Sister Reyna I. Aburto and Elder Neil L. Andersen visited BYU campus for the 52nd annual Religious Education Symposium on Jan. 19 and 20.

This year’s Religious Education Symposium in honor of Sidney B. Sperry was titled “I Glory in My Jesus,” based on 2 Nephi 33:6, and focused on helping attendees better understand the Book of Mormon. Jared Ludlow, director of the Religious Studies Center and one of the symposium speakers, shared how the symposium helps attendees to dive into the scriptures.

“My hope is that … it lights a little fire; that you can read the scripture or you can study scripture.
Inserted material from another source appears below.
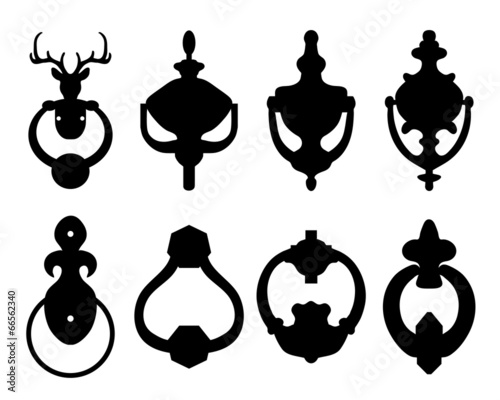 Black silhouettes of door knocker, vector illustration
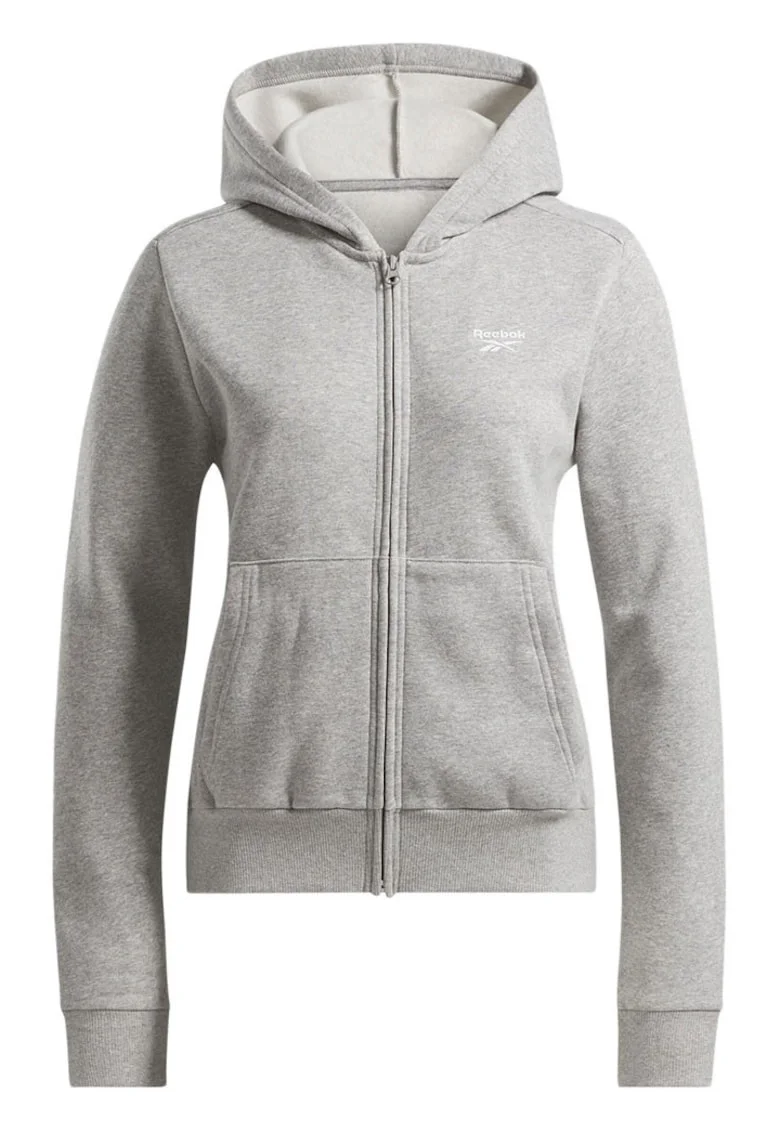 Hanorac sport  cu fermoar complet, fleece, logo Identity Small, pentru dama,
And if you study scripture you can often get a little more out of it,” he said.

Sister Aburto, previously the second counselor in the General Relief Society Presidency, gave the keynote speech titled “The Book of Mormon’s Relevance for Us: Promises for Our Time.”

“As we embark together in studying the Book of Mormon, we can find relevance and solace in the promises it contains about and from Jesus Christ, particularly in the promises concerning our day,” Sister Aburto said during her lecture. 

She went on to offer ways to engage in gospel learning, such as using stories and asking questions.

“A key part of sparking desire in learners is to help them see the relevancy of what we are teaching to their lives,” she said.

Following Sister Aburto’s remarks, Elder Andersen of the Quorum of the Twelve briefly addressed the crowd.

Symposium attendees chose between 4 different breakout rooms each hour. Breakout rooms focused on this year’s theme, “I Glory in My Jesus.” (Jackie Durfey)

“It’s Friday night, what are you doing here?” Elder Andersen asked. Laughter filled the auditorium.

He then proceeded to thank Sister Aburto for her lecture and advised those in attendance to simplify the event by choosing two or three personal takeaways to focus on in the coming weeks.

“What will you remember when you’ve forgotten everything?” Elder Andersen asked, quoting the late President Boyd K. Packer.

Rebekah Larger, a sophomore in business from Tifton, Georgia, attended the symposium to receive extra credit for her religion class.

“It’s beautiful to see someone who has no doubt in their mind that Jesus is the son of God and that He’s real,” Larger said after hearing Elder Andersen speak.

Kate Baldwin, an open major student from Houston, Texas, used the symposium as a break from the hustle and bustle of her regular classes.

“I’m a freshman so I’m new to the college experience and it’s a little crazy at times, so I think it’s helpful to have things that are calming and spiritual,” Baldwin said.

The Religious Education Symposium, originally named the Sidney B. Sperry Symposium, was created in 1973 to “encourage faith-based religious scholarship on Latter-day Saint topics,” according to the Religious Studies Center website. The symposium honors Sidney B. Sperry, a professor at BYU who helped build up the university’s religious education program.

Since then, the annual event has evolved from a single speaker into many. This year’s symposium spanned two days and featured 21 breakout rooms taught by BYU faculty, Church Seminary & Institute employees, independent scholars, University of Utah faculty, and an economics professor from the University of Nebraska-Lincoln.

Fifteen of this year’s lectures can be found in a book sold by the RSC titled “I Glory in My Jesus.”